> _EXERCISE AIM_
Below are records with pictures; copy word for word only the lines between the line with "8 Bedroom Terraced" and the line with "パワーシート搭載。微妙な調整", inclusive, and drop the pictures.

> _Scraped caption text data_
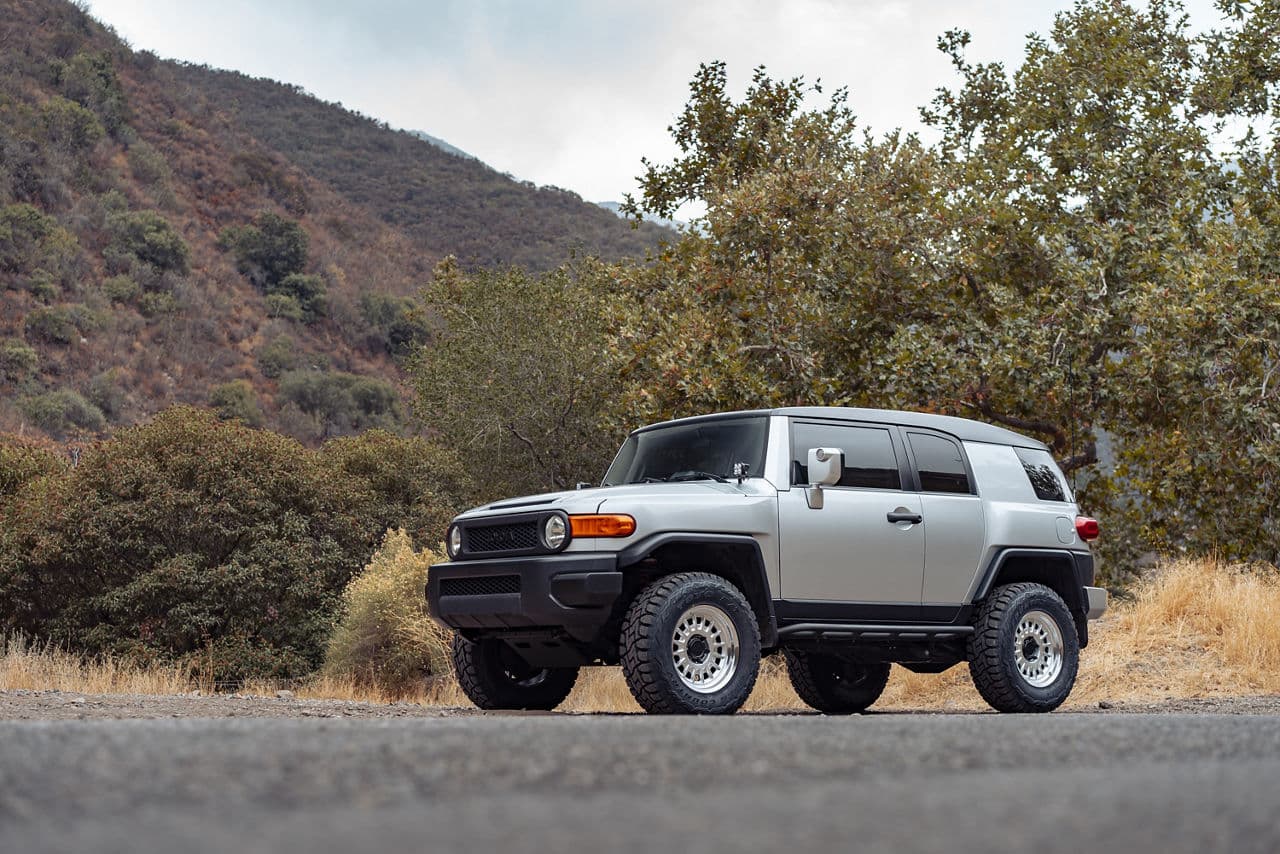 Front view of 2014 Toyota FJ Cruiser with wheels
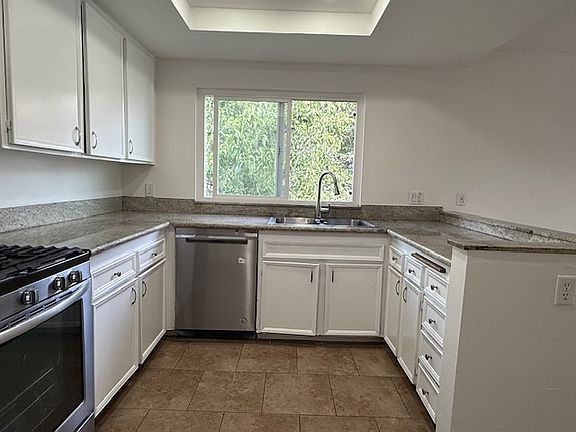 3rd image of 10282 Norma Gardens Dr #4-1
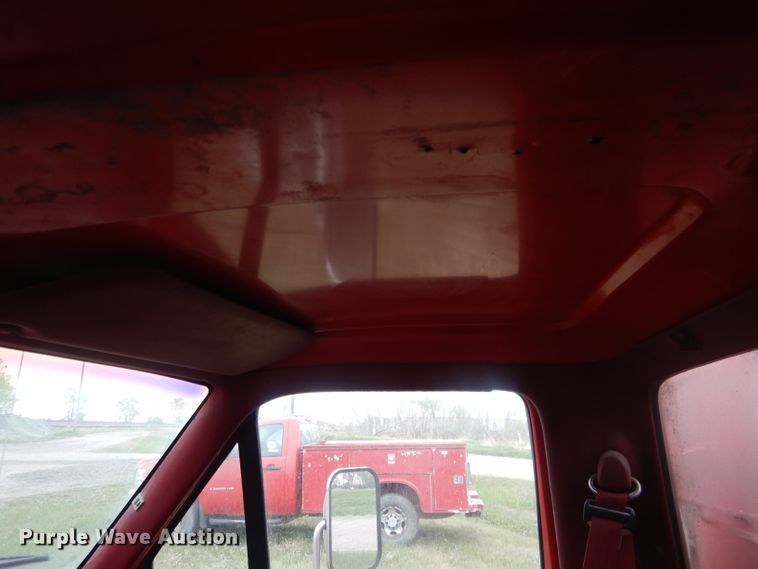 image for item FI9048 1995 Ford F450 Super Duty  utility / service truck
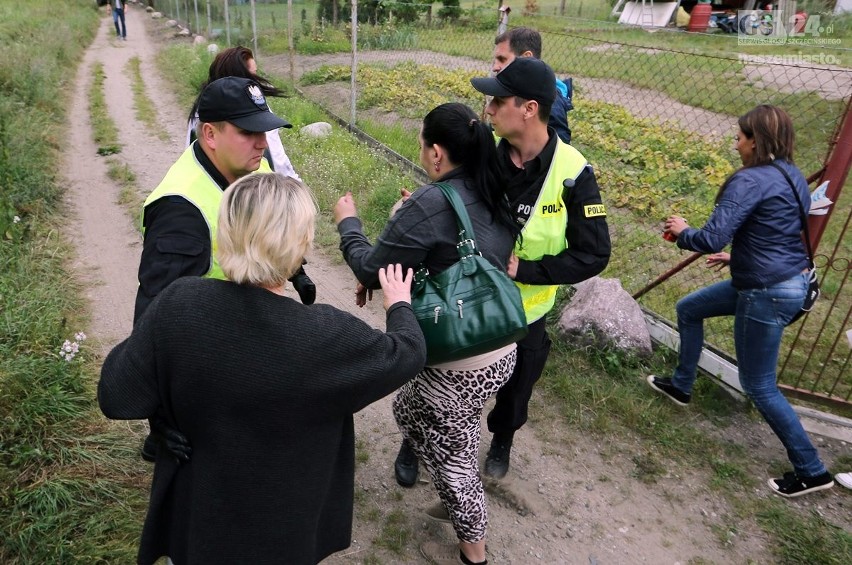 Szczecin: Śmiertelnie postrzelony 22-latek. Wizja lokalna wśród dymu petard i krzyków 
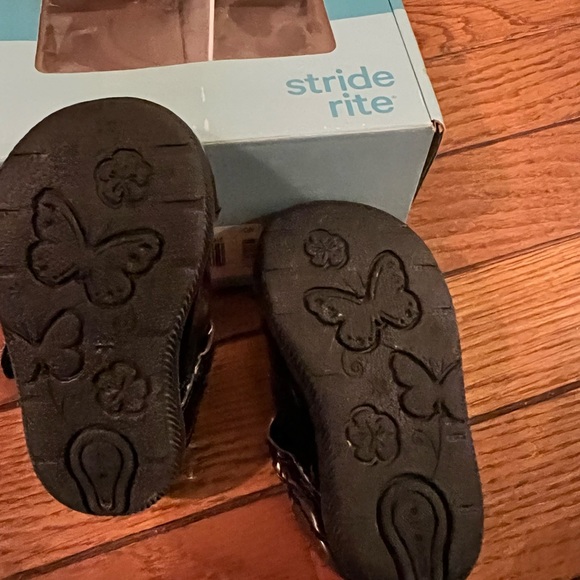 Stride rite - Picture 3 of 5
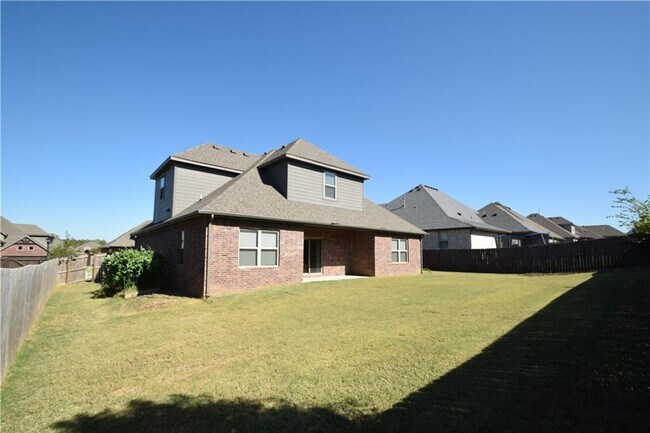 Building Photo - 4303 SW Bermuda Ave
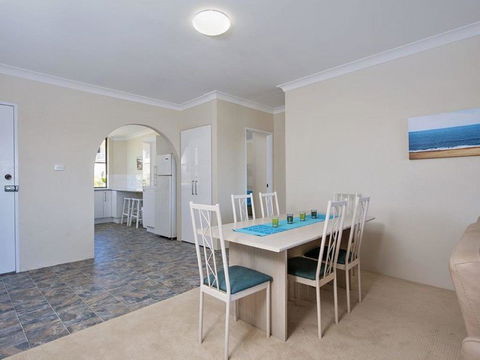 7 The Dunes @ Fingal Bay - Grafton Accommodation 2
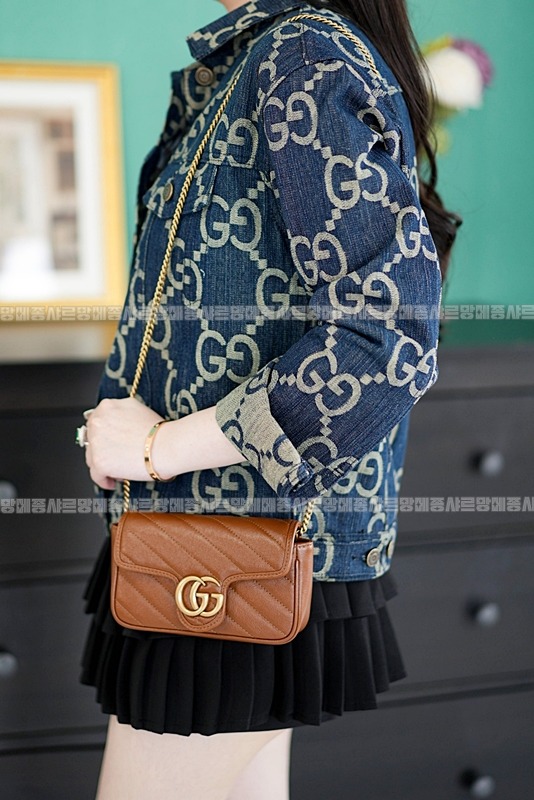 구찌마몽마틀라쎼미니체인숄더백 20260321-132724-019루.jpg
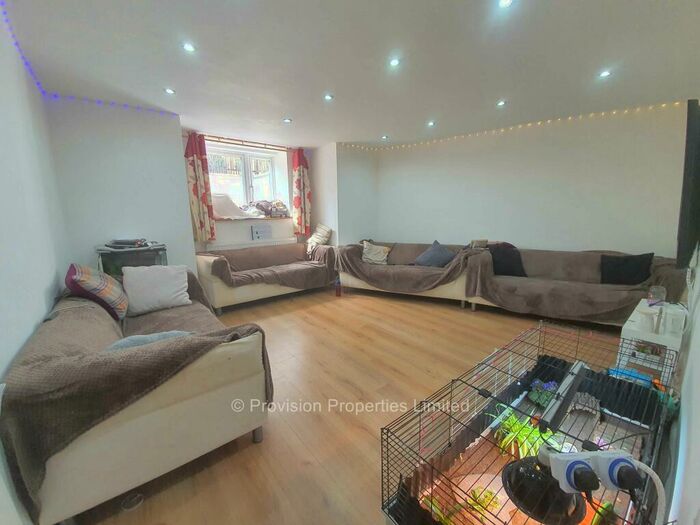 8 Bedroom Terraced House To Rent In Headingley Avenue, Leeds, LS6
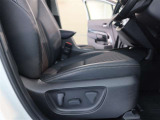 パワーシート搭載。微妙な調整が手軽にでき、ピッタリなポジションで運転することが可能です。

* * *

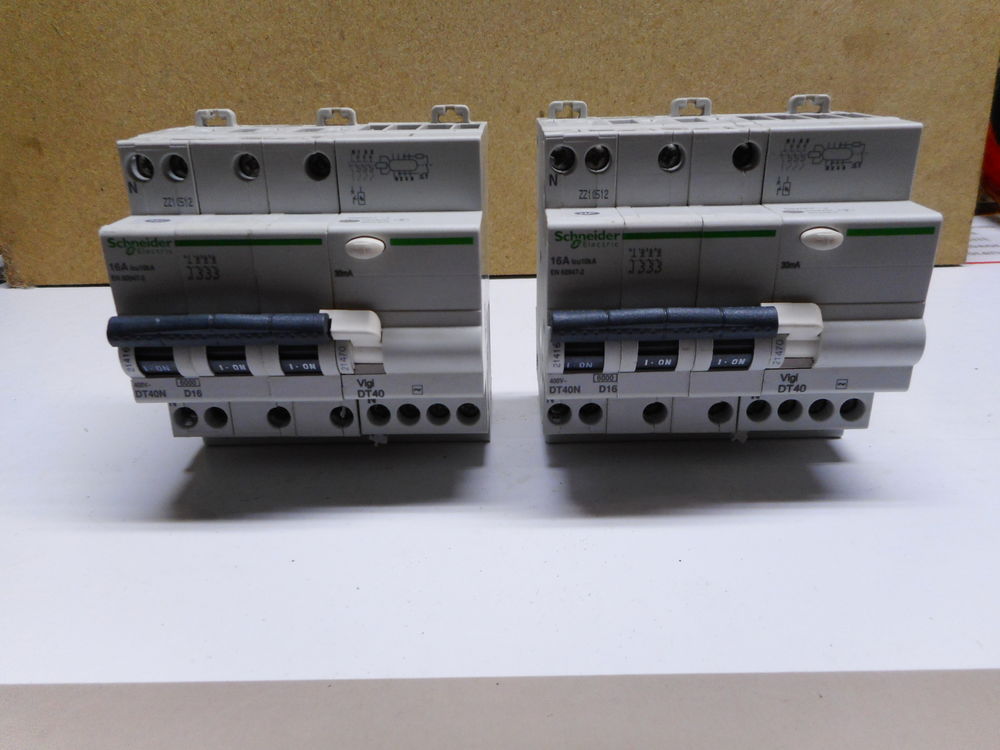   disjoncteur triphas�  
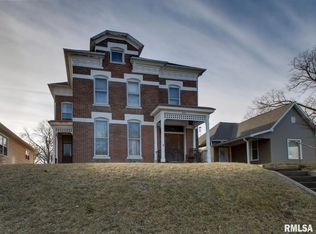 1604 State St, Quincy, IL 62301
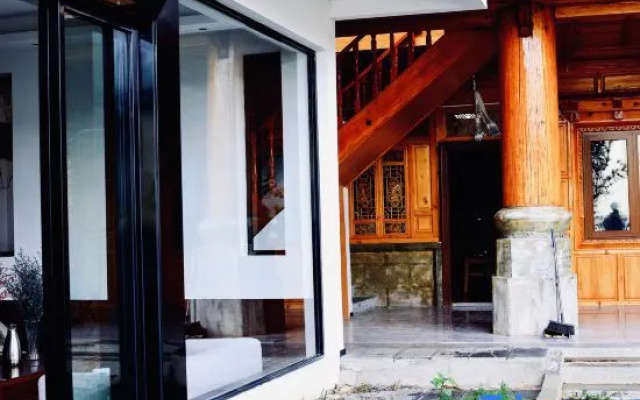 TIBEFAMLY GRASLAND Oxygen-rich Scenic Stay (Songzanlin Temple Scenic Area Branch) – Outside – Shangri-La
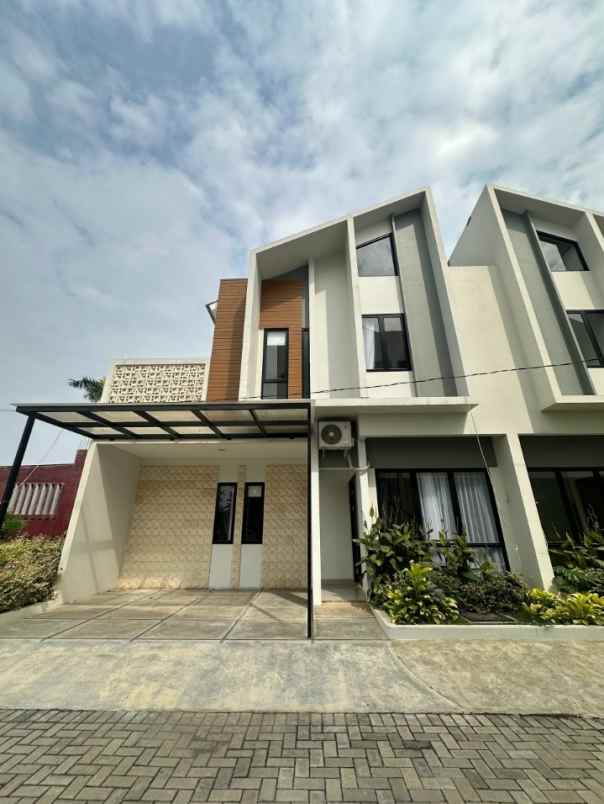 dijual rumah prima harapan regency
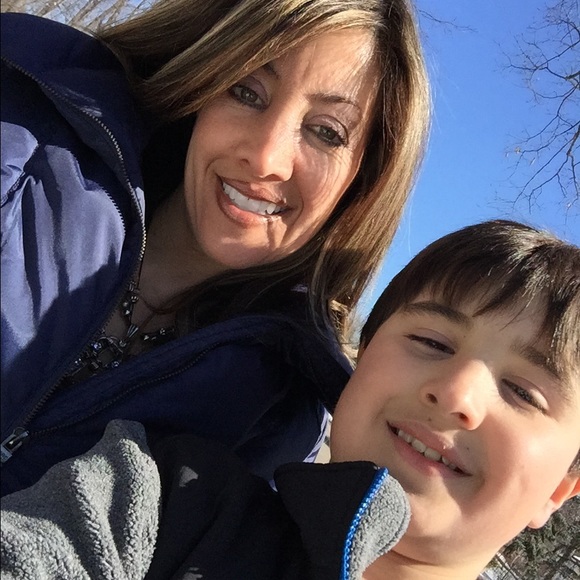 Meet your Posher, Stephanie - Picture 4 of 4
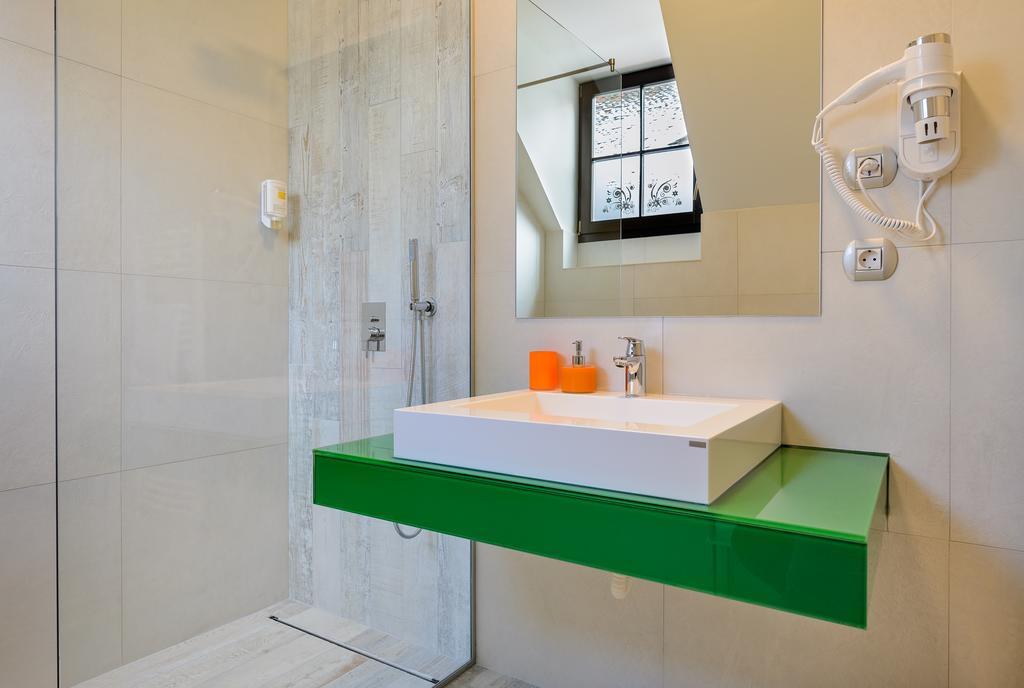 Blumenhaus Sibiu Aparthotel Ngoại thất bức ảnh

> _OUTPUT FOR THIS TASK_
 8 Bedroom Terraced House To Rent In Headingley Avenue, Leeds, LS6
 パワーシート搭載。微妙な調整が手軽にでき、ピッタリなポジションで運転することが可能です。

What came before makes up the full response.